Estimate the confidence of taxonomic assignments based on AAI values. (A) Distributions of AAI values for genome pairs in the RefSeq database per rank of lowest common taxon. The central 90%, 95% and 99% ranges are shown on each rank. Outlier taxa, listed in supplementary methods, are presented here as gray dots. Note that values between Escherichia coli and Shigella spp significantly deviate from the central tendency, but are not excluded because the lowest common taxon (family Enterobacteriaceae) is not significantly affected. (B) Average AAI values per taxon by lowest common taxon. Within each row, dot sizes linearly reflect the size of the taxon. Outlier taxa (excluded from the empirical distributions) are highlighted. (C) Empirical P-values (per AAI to best match) for the alternative hypotheses that (i) the classification of query and reference genomes are the same at the given rank (taxonomic classification test; solid lines) or (ii) that the query genome represents a novel taxon with respect to the database (taxonomic novelty test; dashed lines). Colors correspond to the evaluated rank (as in A and B).

Figure 3.

Figure 3.

Classification examples in MiGA Online. Two examples of the typical output of MiGA classification analysis are shown.
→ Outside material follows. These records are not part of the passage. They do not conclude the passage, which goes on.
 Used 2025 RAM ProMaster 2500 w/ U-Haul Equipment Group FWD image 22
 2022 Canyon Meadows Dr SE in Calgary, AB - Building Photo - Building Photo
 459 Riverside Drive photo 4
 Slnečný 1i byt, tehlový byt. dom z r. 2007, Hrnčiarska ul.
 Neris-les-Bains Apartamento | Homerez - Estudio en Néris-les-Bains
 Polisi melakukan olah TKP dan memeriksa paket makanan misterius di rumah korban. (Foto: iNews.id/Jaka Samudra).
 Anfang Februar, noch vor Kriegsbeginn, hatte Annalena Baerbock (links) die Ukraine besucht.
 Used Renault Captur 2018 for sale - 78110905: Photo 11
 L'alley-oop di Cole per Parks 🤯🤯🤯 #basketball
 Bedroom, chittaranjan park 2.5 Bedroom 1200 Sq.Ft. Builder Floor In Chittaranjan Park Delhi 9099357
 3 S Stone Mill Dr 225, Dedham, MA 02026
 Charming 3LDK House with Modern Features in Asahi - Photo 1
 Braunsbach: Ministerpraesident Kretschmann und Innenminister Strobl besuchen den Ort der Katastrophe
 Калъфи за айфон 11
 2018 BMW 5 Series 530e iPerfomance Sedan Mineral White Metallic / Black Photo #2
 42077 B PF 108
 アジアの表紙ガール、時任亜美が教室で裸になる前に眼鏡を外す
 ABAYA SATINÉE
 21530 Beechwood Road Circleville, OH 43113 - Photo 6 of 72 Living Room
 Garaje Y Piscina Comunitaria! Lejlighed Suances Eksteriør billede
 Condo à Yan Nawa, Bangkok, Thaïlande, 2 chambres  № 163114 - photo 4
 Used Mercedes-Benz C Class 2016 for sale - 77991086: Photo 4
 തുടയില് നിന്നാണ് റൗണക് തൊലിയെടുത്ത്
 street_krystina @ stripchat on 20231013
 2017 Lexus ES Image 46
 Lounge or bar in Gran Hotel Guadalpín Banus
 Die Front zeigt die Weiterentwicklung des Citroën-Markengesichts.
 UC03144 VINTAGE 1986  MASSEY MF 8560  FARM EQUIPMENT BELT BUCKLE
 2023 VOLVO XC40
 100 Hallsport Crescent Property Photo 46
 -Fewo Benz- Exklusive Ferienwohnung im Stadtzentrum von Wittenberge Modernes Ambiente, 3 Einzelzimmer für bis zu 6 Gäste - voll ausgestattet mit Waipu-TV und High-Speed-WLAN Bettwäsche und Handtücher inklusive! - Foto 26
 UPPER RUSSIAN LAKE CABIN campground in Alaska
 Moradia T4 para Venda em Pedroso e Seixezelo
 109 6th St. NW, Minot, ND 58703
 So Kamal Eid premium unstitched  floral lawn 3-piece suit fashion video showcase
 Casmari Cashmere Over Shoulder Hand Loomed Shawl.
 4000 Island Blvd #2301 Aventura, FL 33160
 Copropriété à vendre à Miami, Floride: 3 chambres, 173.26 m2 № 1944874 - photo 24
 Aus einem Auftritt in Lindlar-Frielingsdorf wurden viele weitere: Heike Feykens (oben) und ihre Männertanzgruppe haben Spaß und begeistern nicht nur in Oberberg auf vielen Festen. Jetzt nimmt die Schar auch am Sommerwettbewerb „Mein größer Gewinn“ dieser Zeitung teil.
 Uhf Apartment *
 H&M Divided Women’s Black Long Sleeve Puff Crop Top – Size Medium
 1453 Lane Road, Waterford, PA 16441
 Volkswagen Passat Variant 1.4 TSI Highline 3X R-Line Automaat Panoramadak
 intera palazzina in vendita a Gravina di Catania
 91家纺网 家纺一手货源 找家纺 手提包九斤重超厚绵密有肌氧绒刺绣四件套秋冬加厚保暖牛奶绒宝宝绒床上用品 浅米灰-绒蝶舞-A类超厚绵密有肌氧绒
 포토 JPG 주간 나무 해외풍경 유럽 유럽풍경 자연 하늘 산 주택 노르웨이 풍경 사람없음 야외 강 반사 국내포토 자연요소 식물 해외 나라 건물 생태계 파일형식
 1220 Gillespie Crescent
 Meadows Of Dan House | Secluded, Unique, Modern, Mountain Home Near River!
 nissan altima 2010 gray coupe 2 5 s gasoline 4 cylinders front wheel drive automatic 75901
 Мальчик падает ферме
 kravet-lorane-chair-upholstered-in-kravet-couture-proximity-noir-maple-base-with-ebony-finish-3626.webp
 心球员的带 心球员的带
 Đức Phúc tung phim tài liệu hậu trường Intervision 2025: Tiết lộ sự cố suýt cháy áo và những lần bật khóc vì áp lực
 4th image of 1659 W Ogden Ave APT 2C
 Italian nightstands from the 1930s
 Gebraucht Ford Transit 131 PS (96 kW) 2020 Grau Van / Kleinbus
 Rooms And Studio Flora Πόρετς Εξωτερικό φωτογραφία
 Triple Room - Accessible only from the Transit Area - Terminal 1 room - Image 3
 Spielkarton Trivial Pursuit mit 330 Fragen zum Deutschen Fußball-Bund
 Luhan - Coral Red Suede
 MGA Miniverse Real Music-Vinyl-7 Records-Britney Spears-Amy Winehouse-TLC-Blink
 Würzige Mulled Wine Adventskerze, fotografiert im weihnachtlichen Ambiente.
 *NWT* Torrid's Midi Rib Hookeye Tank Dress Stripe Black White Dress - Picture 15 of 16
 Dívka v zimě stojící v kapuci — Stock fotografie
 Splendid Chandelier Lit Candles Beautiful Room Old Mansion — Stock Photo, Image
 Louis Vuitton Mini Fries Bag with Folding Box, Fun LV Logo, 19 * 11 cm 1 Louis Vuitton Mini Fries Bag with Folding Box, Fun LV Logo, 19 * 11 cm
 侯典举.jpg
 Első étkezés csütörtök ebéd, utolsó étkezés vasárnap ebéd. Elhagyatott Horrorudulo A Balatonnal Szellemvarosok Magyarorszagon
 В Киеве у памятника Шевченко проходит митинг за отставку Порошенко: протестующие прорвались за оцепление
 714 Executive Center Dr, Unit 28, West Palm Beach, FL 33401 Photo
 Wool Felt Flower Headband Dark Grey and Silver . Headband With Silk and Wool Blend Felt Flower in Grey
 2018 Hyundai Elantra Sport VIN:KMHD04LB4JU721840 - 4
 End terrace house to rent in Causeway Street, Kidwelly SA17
The top panel shows a genome classified as Bacillus bombysepticus, displaying high ANI values against its best match and consequently high classification confidence. The bottom panel shows a query genome with only distant relatives available in the database, with a maximum AAI of 48% classified to order level (Chromatiales) with low confidence, and with high confidence only to class level (Gammaproteobacteria).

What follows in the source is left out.